The layerwise linear heads are trained with standard cross-entropy loss (backbone frozen); the error predictor is trained with binary cross-entropy loss.

Key Experimental Results

Main Results

Dataset Metric (AUCPR) LogitDynamics Top-K logits Gain
ImageNet AUCPR 0.6458 0.6098 +0.036
CIFAR-100 AUCPR 0.4430 0.4164 +0.027
Places365 AUCPR 0.7232 0.7283 −0.005

Ablation Study

Configuration In-domain Mean Cross-domain Mean Note
w/ dynamics baseline +0.0155 Dynamics features improve cross-domain transfer
w/o dynamics baseline baseline Slightly better in-domain, worse cross-domain

Key Findings

  • Dynamics features contribute little in-domain (−0.0107) but yield significant improvement in cross-dataset transfer (+0.0155), serving as a robustness signal.
  • LLM hallucination detection methods (linear probing, ACT-ViT) do not transfer well to vision tasks directly.
  • Logit-based methods consistently outperform activation-based methods, indicating that internal signal characteristics differ between vision and language models.

Highlights & Insights

  • Cross-modal inspiration: Transferring ideas from LLM hallucination detection to vision models reveals that visual models possess distinctive logit dynamics patterns.
  • Simplicity and efficiency: The method is extremely straightforward (a linear probe plus 7 statistics), yet substantially outperforms more complex methods in cross-domain generalization.

Limitations & Future Work

  • Validated only on ViT-Large; other architectures remain untested.
  • Training the layerwise linear heads incurs additional overhead.
  • Future work may explore applicability to a broader range of architectures and tasks.
  • vs.
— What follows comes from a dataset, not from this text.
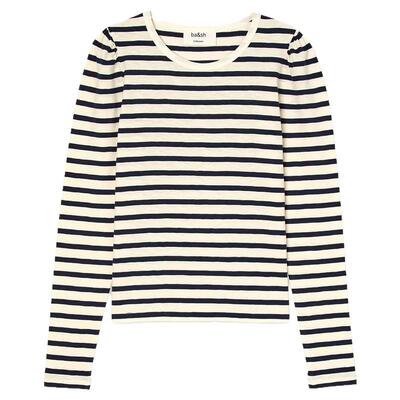bash春季法式简约条纹基础款打底女士泡泡袖休闲T恤上衣1E25SANG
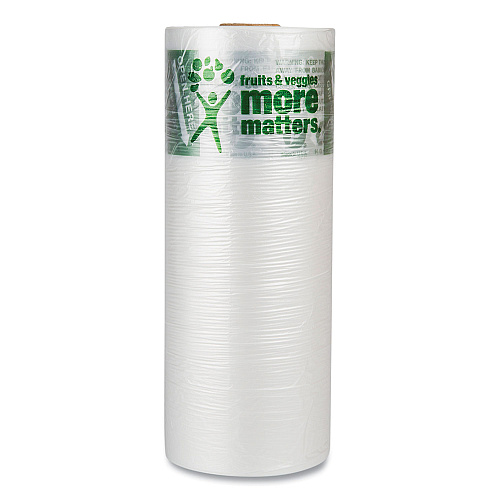 Inteplast Group Produce Bags, Fruits and Veggies - More Matters Labeling, 0.35 mil, 12" x 20", Clear, 875 Bags/Roll, 4 Rolls/Carton (PHMORE20NS)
ACT-ViT: ACT-ViT processes activation tensors with a ViT-style architecture, which is overly complex and generalizes poorly across domains.
  • vs. Mahalanobis: Feature-space distance methods perform poorly on the error prediction task (AUCPR 0.32).

Rating

  • Novelty: ⭐⭐⭐⭐ Cross-modal inspiration is novel; the method is simple yet effective.
  • Experimental Thoroughness: ⭐⭐⭐⭐ In-domain and out-of-domain evaluations are complete; ablations are clear.
  • Writing Quality: ⭐⭐⭐⭐ Motivation is well-articulated; structure is well-organized.
  • Value: ⭐⭐⭐ The direction is meaningful, but the magnitude of improvement is limited.